[Opening INFORMATION GIVEN section]
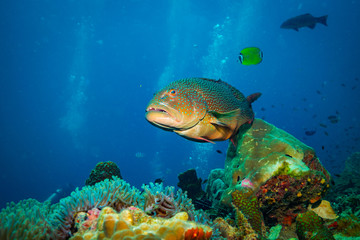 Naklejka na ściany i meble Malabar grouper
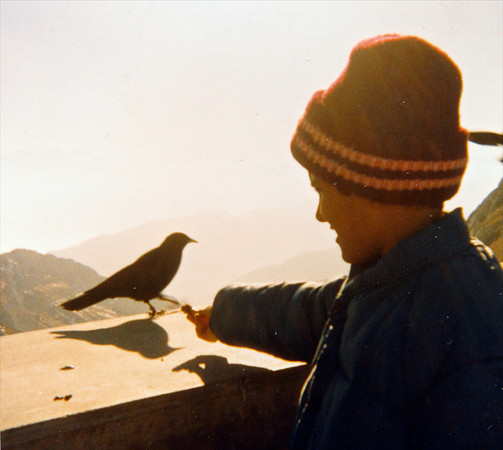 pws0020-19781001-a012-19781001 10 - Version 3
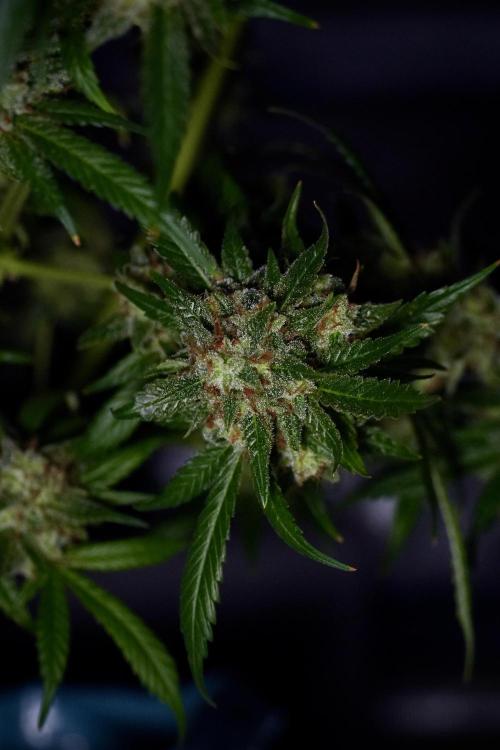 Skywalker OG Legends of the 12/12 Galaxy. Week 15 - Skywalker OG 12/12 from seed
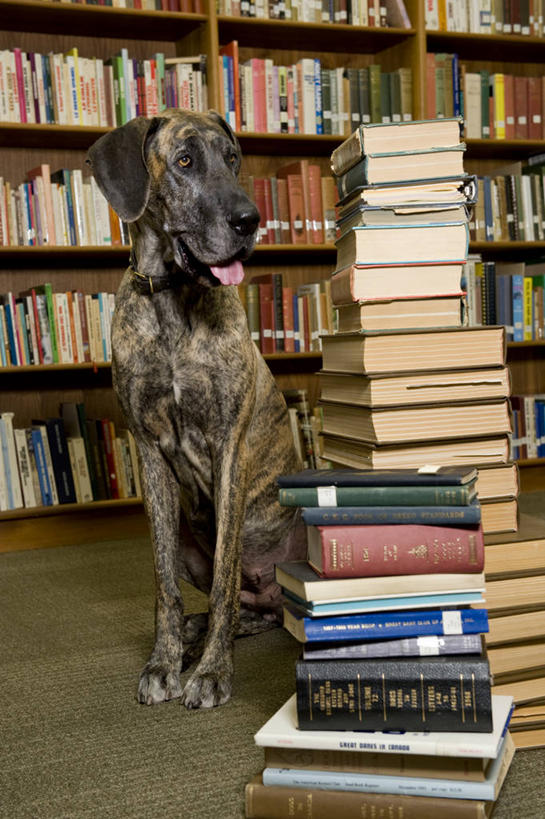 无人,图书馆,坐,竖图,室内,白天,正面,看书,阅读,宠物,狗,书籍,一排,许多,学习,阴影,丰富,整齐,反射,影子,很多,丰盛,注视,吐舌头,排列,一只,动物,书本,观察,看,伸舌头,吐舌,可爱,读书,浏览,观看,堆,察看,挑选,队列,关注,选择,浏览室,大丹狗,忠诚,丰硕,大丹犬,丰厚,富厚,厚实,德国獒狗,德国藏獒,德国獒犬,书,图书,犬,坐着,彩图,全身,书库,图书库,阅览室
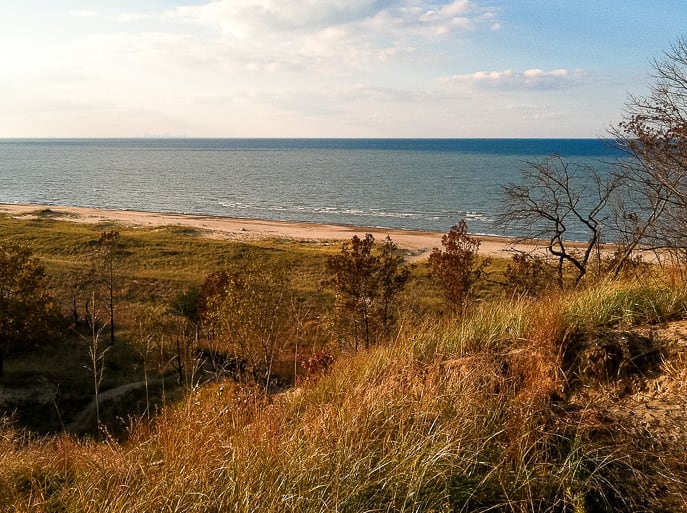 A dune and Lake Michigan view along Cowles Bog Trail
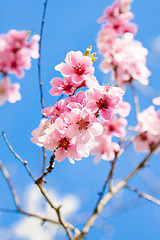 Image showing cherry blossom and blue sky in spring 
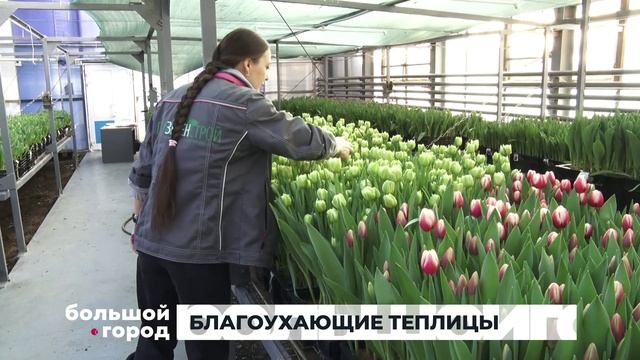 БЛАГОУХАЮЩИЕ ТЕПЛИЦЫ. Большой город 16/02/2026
[Closing INFORMATION GIVEN section]
[Opening INFORMATION GIVEN section]
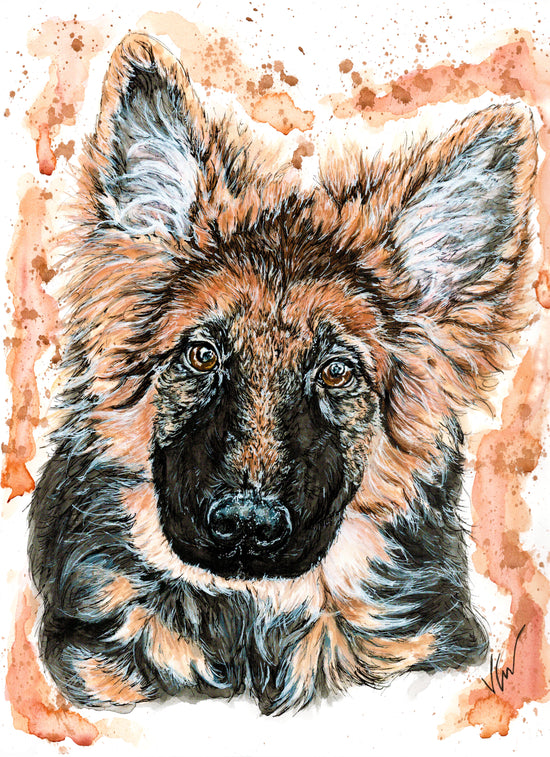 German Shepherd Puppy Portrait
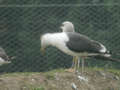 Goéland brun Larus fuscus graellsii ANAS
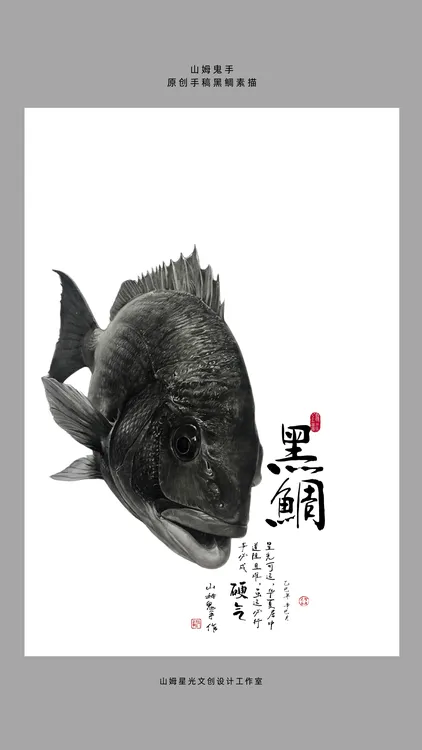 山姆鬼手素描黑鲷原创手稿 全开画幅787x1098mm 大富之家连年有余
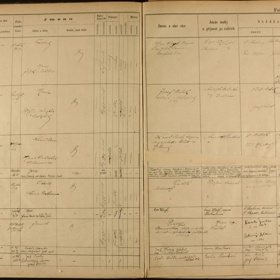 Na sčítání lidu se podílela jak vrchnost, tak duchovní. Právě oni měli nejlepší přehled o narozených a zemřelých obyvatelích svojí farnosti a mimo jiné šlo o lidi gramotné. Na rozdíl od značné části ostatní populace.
[Closing INFORMATION GIVEN section]
[Opening INFORMATION GIVEN section]
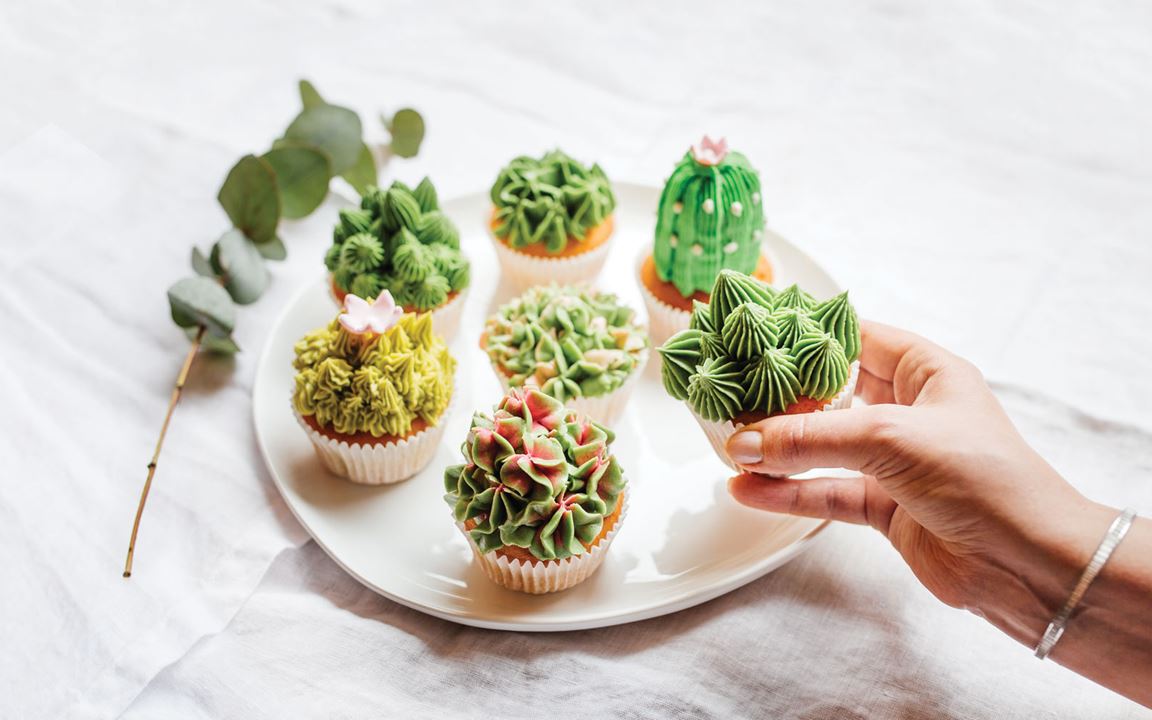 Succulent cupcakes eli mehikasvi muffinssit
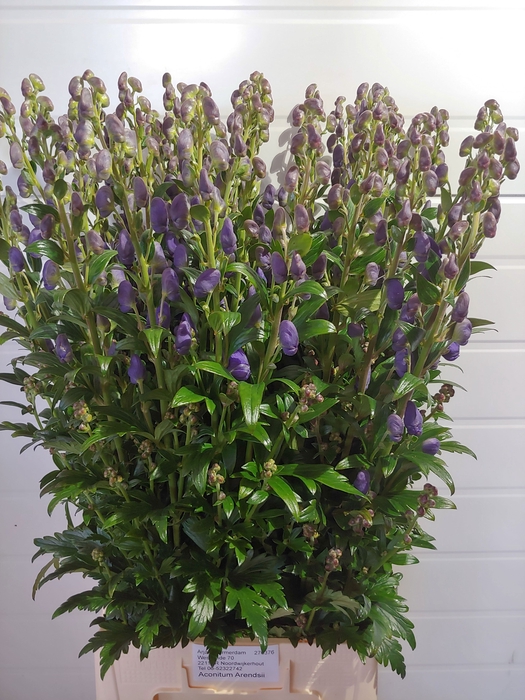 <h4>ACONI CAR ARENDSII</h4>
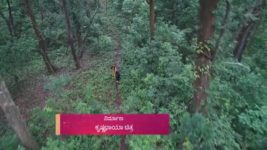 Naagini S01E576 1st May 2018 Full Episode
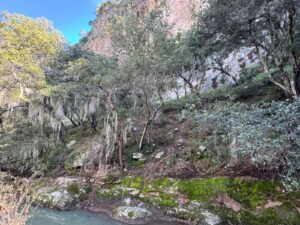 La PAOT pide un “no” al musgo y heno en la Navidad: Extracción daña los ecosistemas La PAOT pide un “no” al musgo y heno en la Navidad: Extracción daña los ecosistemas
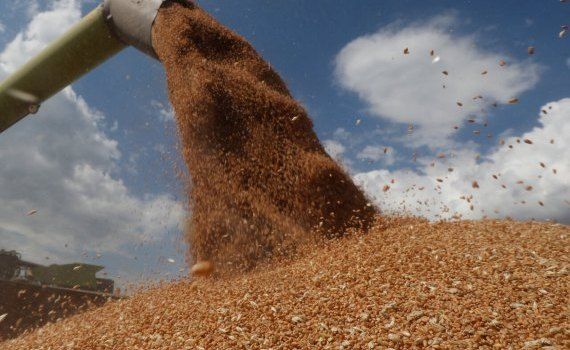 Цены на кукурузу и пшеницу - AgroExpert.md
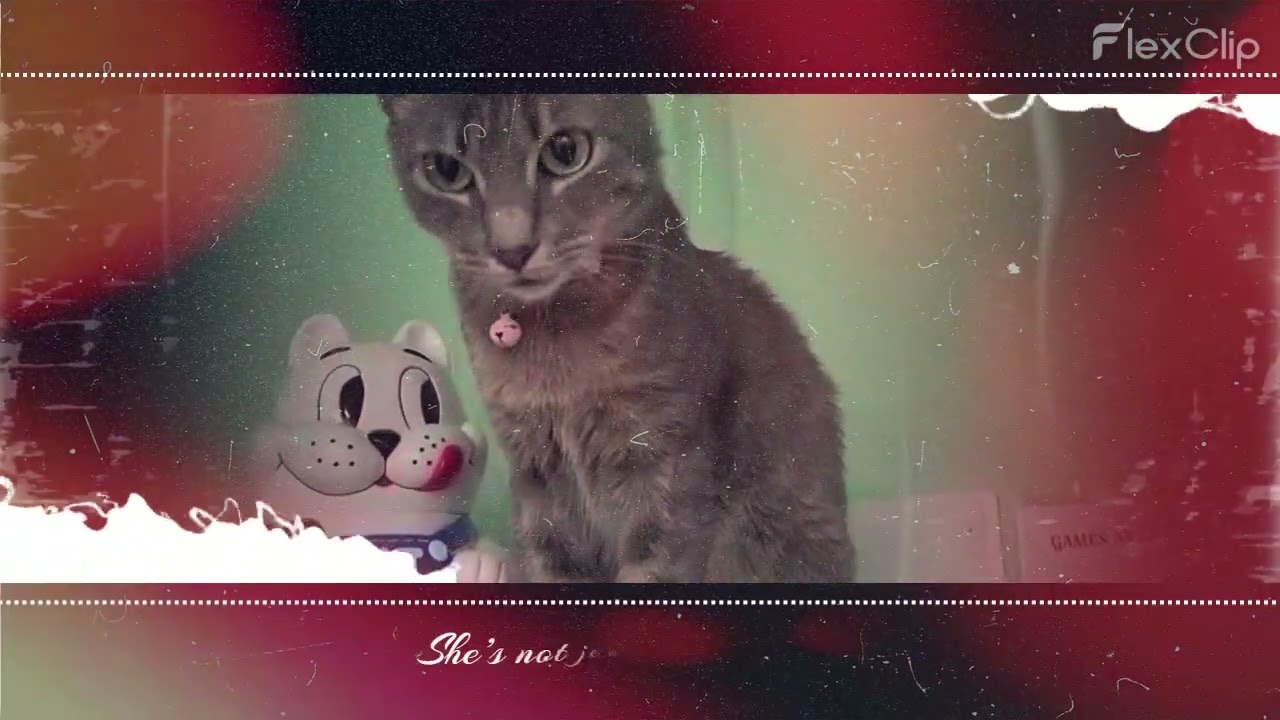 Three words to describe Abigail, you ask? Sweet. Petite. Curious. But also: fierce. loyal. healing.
[Closing INFORMATION GIVEN section]
**WORK REQUIRED:** Please copy the lines above exactly, starting at the line that holds "A dune and Lake" and ending at the line that holds "БЛАГОУХАЮЩИЕ ТЕПЛИЦЫ. Большой"; include both, but no pictures.

**ANSWER BELOW:**
 A dune and Lake Michigan view along Cowles Bog Trail
 Image showing cherry blossom and blue sky in spring 
 БЛАГОУХАЮЩИЕ ТЕПЛИЦЫ. Большой город 16/02/2026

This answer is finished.